- _PROBLEM DETAILS_
Reproduce exactly the final portion of the data: every line from the one containing "Property building, View" through the last line, inclusive.

Entries taken from a collection
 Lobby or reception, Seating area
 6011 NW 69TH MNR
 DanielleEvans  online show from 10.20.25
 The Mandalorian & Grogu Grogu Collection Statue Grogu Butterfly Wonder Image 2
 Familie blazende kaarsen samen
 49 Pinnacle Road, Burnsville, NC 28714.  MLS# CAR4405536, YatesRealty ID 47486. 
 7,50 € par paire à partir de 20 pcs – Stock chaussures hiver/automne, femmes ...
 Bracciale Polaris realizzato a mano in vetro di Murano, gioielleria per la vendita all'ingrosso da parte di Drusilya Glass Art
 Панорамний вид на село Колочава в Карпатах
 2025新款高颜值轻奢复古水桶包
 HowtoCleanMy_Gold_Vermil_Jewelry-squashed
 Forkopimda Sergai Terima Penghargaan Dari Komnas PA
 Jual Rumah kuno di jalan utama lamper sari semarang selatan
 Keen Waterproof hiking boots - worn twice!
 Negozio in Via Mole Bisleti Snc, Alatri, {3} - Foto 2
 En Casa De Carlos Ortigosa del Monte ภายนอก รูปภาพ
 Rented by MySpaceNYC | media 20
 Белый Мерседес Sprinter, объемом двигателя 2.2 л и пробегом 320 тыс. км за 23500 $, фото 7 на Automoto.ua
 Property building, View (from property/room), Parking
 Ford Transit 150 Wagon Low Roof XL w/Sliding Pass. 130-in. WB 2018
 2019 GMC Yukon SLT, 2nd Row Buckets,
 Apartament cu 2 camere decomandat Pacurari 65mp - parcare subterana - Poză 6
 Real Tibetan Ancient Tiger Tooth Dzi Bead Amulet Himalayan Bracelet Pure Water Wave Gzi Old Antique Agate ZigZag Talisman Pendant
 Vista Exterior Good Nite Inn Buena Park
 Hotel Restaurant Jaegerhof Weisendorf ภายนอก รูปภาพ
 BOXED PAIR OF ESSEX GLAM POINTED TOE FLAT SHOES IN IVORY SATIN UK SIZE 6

- _RESPONSE AREA_
 Property building, View (from property/room), Parking
 Ford Transit 150 Wagon Low Roof XL w/Sliding Pass. 130-in. WB 2018
 2019 GMC Yukon SLT, 2nd Row Buckets,
 Apartament cu 2 camere decomandat Pacurari 65mp - parcare subterana - Poză 6
 Real Tibetan Ancient Tiger Tooth Dzi Bead Amulet Himalayan Bracelet Pure Water Wave Gzi Old Antique Agate ZigZag Talisman Pendant
 Vista Exterior Good Nite Inn Buena Park
 Hotel Restaurant Jaegerhof Weisendorf ภายนอก รูปภาพ
 BOXED PAIR OF ESSEX GLAM POINTED TOE FLAT SHOES IN IVORY SATIN UK SIZE 6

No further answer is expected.